Den Grätenschneider kenne ich. Das funktioniert gut, allerdings bekommt man das genau so gut mit einem scharfen Filetiermesser hin. Der Grätenschneider ist halt nur schneller.

Wenn ich die Filets frittiere, sind die Gräten weg. Die schrumpeln komplett ein, wenn das Öl richtig heiß ist.

Ich räuchere die Filets aber gern. Und genau in diesem Fall habe ich bei frischem Fisch das Grätenproblem.


----------



## j.Breithardt (16. März 2014)

*AW: Einfluss des Einfrierens auf Grätenauflösung*



Naturliebhaber schrieb:


> Ich schneide die Filets erst nach dem Auftauen ein.


 

OK, kam für mich vorher nicht rüber. :m


----------



## 42er barsch (16. März 2014)

*AW: Einfluss des Einfrierens auf Grätenauflösung*

hi

ich lese aus deinen postings heraus das du geschröpfte ( alle 2-3mm einschneiden ) filets

fritierst UND räucherst.

sollte das wirklich der fall sein besteht dein problem darin das deine filets beim räuchern kein heisses fett abbekommen.
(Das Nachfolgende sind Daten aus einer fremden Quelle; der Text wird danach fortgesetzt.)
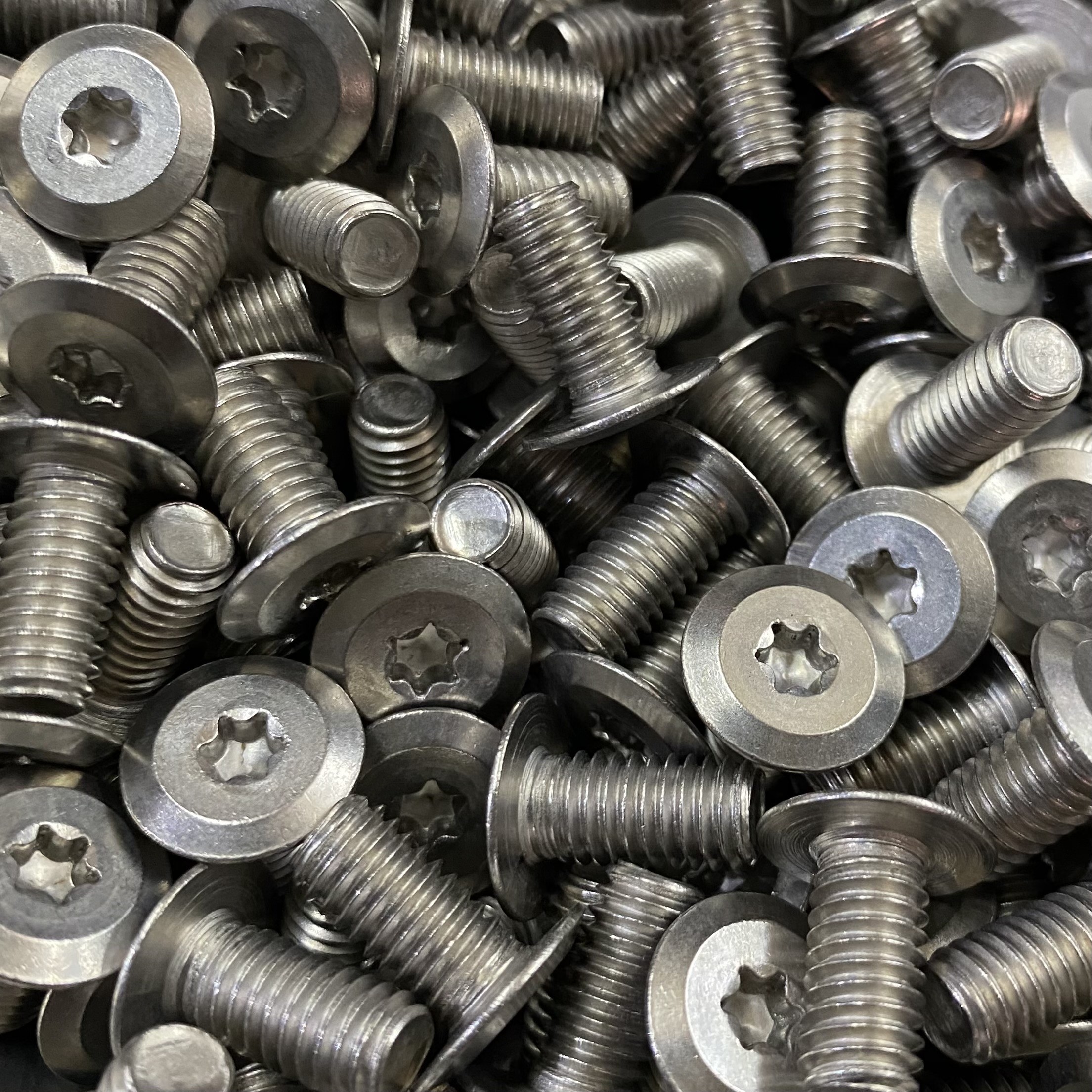 Ultra Low-Profile Screws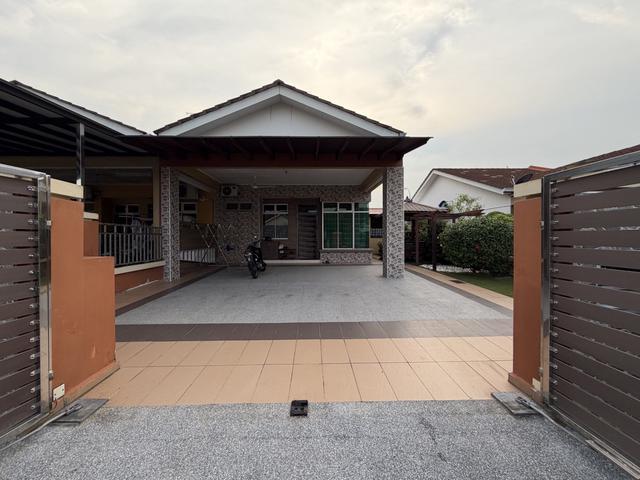 1 Storey END LOTJalan Nibong Taman DayaJohor BahruFULLY RENOVATION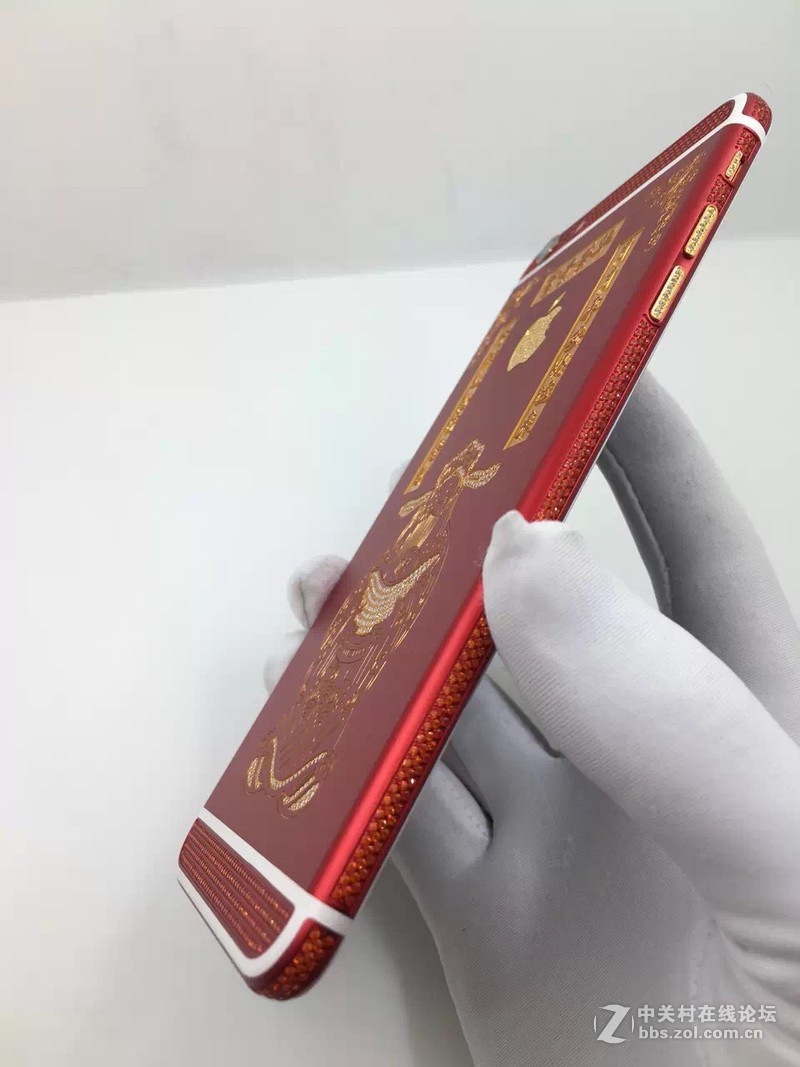 晒手机壳，最新更换的手机机壳，新年就该红红火火的。。。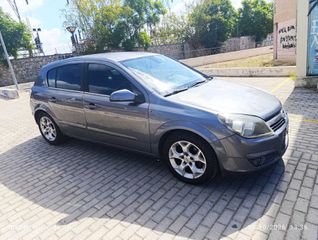 Opel Astra 2005-thumb-5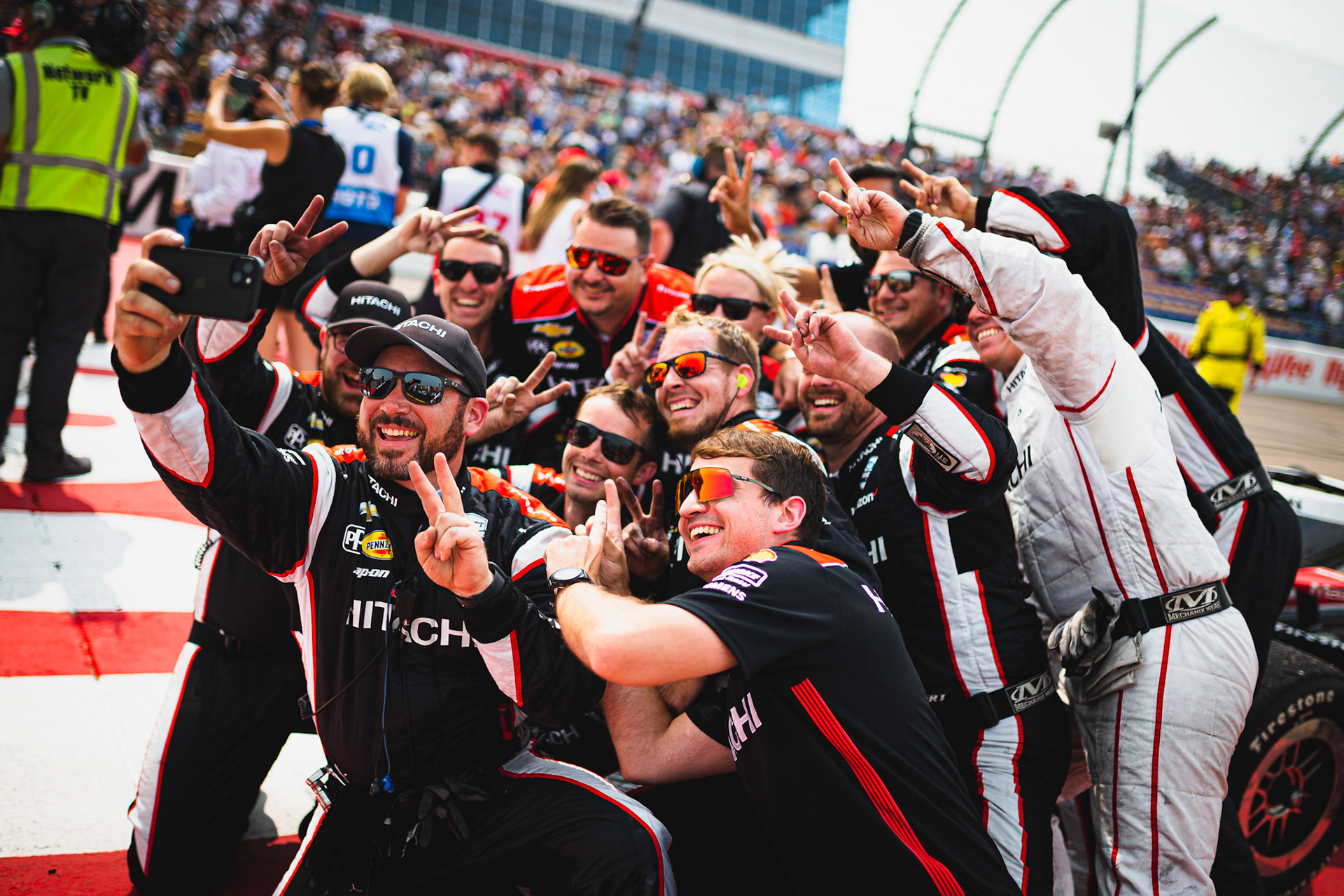 #2: Josef Newgarden, Team Penske Chevrolet, Tom Jones, Alex Murphy, Kyle Lapier, Caitlyn Moore, Chad Gordon, Andy Greer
schröpfen funktioniert nur im zusammenspiel mit heissem fett.

durch die hohe temperatur werden die gräten, wo sie mit dem fett in berührung kommen "ausgemergelt".

wenn du alle 2mm einen schnitt machst und bedenkst das von beiden seiten heisses fett in die schnitte eindringt muss von jeder seite aus nur 1mm ausgemwrgelt werden um die gräten beim essen nicht mehr zu spüren.

ich behandele rotaugen von 30-35cm auf die gleiche art und hatte noch nie das problem jemals eine der zwischenmuskelgräten zu spüren und ich schneide nur alle 4-5mm ein.

beim räuchern macht schröpfen demnach keinen sinn.


----------



## j.Breithardt (16. März 2014)

*AW: Einfluss des Einfrierens auf Grätenauflösung*

Schröpfen ???? #c

Kenne ich absolut anders.


----------



## 42er barsch (16. März 2014)

*AW: Einfluss des Einfrierens auf Grätenauflösung*

@j.breithardt

https://www.google.de/search?biw=12....6.6.0....0...1c.1.37.img..5.1.73.6Pw1LaTmCnY


----------